Cloud Computing develops rapidly and has been widely used in recent years. Remote user security authentication plays an important role in Cloud Computing security mechanism. Some of remote authentication protocols have high computational cost, and they have much interaction rounds, the credibility of remote user’s platform could not be guaranteed. In this paper, we put forward a user identity authentication scheme based on trusted platform for Cloud Computing. In this scheme, the cloud user registers in the trusted certificate authority (CA), and obtains the certificate issued by CA. Afterwards, the certificate is sent to the cloud server, and the cloud server verifies the validity of the remote user identity according to the certificate. At the same time, this scheme provides mutual authentication while it establishes communication key between the remote user and cloud server. The analysis shows that this scheme is secure against insider attack, replay attack, backward/forward attack, and forgery attack. Compared with the related work, the scheme has higher computing efficiency and less interaction rounds.

1 Introduction

Cloud Computing is a kind of computing resource service model, which fulfills the need of the Internet users with flexible on-demand services. This model enables computing, storage, platforms, and services to be available to users on the Internet in an abstract, virtual, dynamic, extensible and manageable manner [1]. With the rapid development of the Internet and network technology, Cloud Computing has become the main environment for data storage and computing, and the impact is more and more extensive [2, 3].

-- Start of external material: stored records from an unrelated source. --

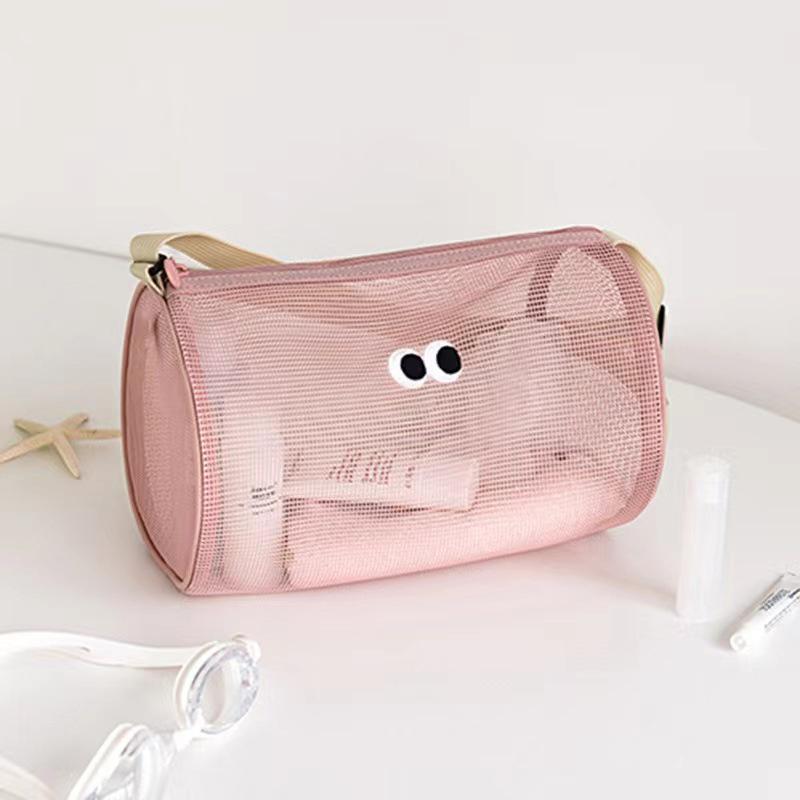 

Cylindrical Swimming Bag Simple Large-Capacity Breathable Shoulder Bag Portable Makeup Case Women рожевий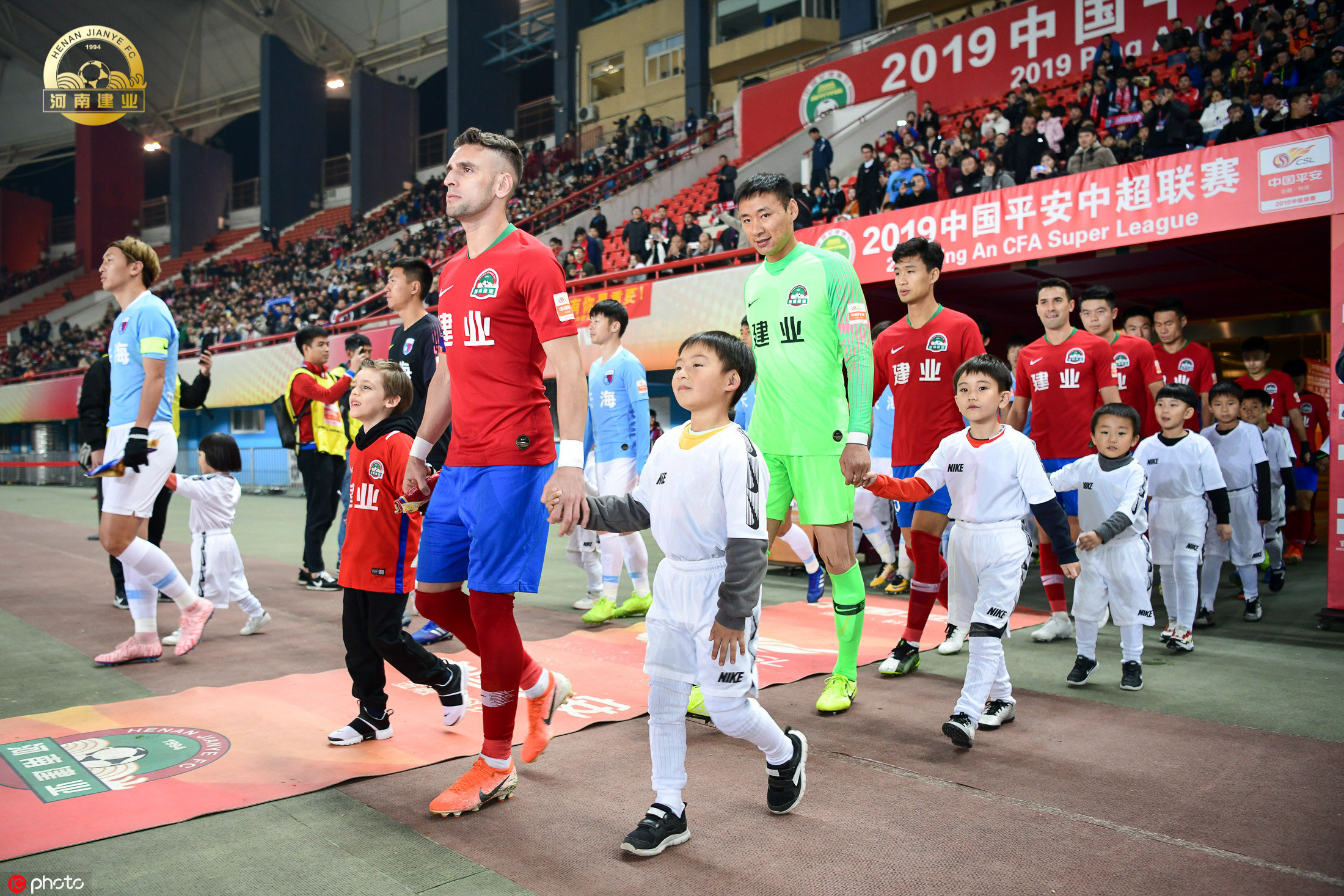 深圳佳兆业主场战平天津泰达，稳居中游的简单介绍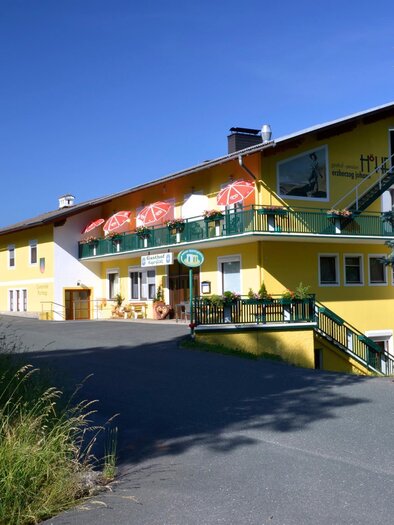 The inn Erzherzog Johann is visible at the height of Kagerwirt. | © Gasthof Erzherzog Johann Höhe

However, the security problems caused by the openness, dynamic and large scale of the Cloud Computing also attract people’s attention, which has become the main factor to hinder its further application. One of them is the authenticity of the user identity and the integrity and the forgery-resistance of the platform. Therefore, on the premise of ensuring the authenticity of the cloud user identity and the integrity of the platform, how can the cloud user access to the cloud server securely and efficiently has become a research hotspot [4–6].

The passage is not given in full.